There are about a dozen independent websites for the Egyptian stock market. Some have grown so popular that market-oriented chat rooms reach their occupancy moments after the market’s opening bell. The quality of chat and forum postings varies, from verified news stories to baseless rumors. It’s permissible to exchange such views in a free market. However, the stock exchange monitors these websites, and follows up rumors with company officials to verify their accuracy.
None of this constitutes illegal insider trading. While CEOs revealing new company information in a chat room without first informing the CASE might find themselves in violation of disclosure rules, the information being discussed in chat rooms exists in the public realm.
But another scheme, whereby investors work together to trade in heavy volumes to drive up a stock price in order to profit, is certainly illegal. People who are unaware of the conspiracy, or even those who suspect a plot and still buy what they perceive as a hot stock, usually get burned. Once the skyrocketing stock lures enough investor interest, the conspirators dump the stock, causing the price to plummet. Suddenly the stock is worth a fraction of the amount it was bought for, and scores of investors eventually sell their shares for a loss.
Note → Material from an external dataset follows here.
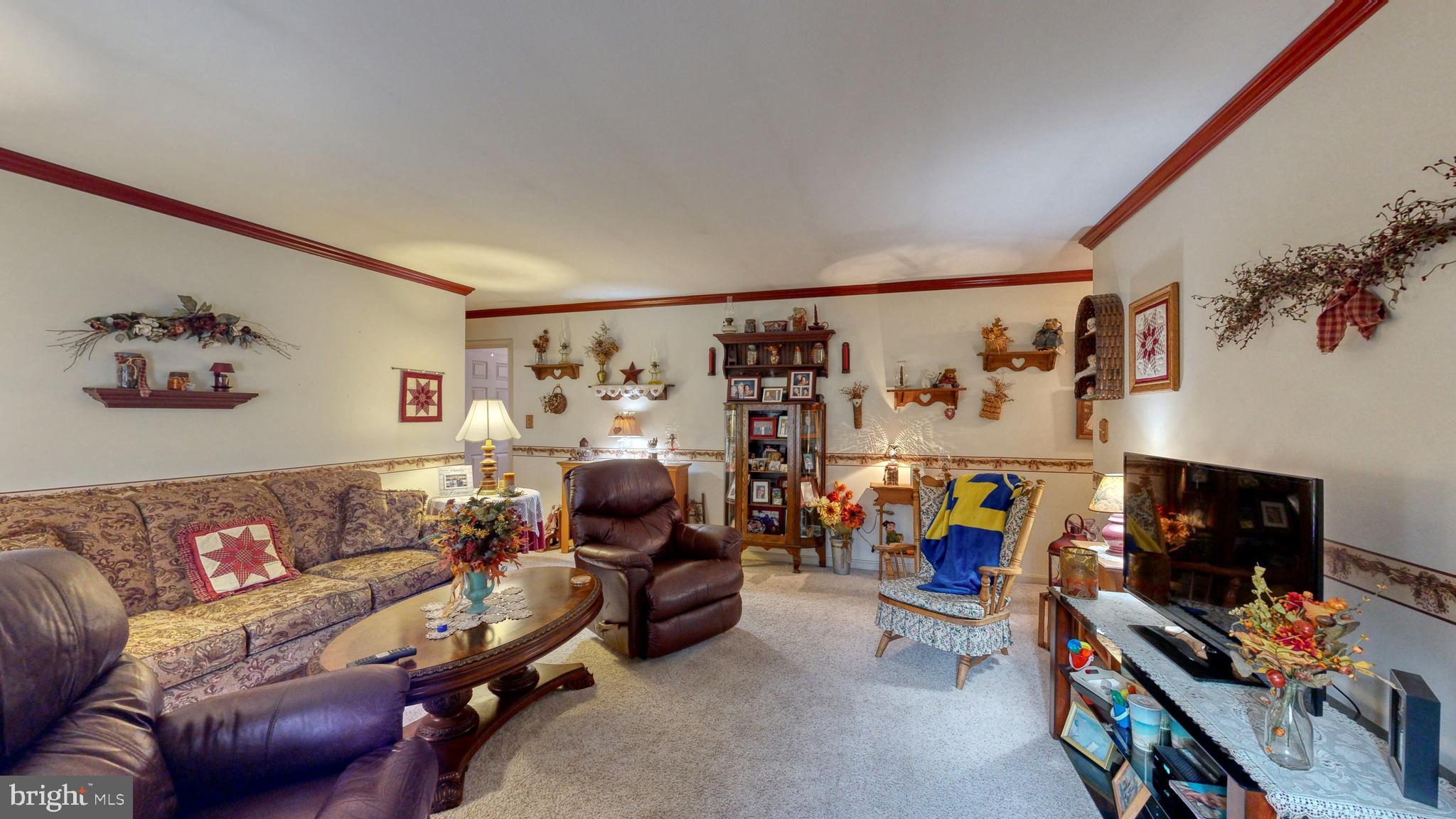 6 BRANDYWINE ROAD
Manipulating a stock price for a blue-chip company is unlikely considering the huge volumes traded daily, but is more feasible for thinly traded “penny stocks.”
Securing a conviction is a matter of proving the suspect had the intent and capability to manipulate share price. Egypt’s capital market legislation allows the stock exchange to suspend the trading of individuals guilty of price manipulation. In addition, they can be imprisoned for a maximum of five years, and/or fined between LE 50,000 and LE 100,000.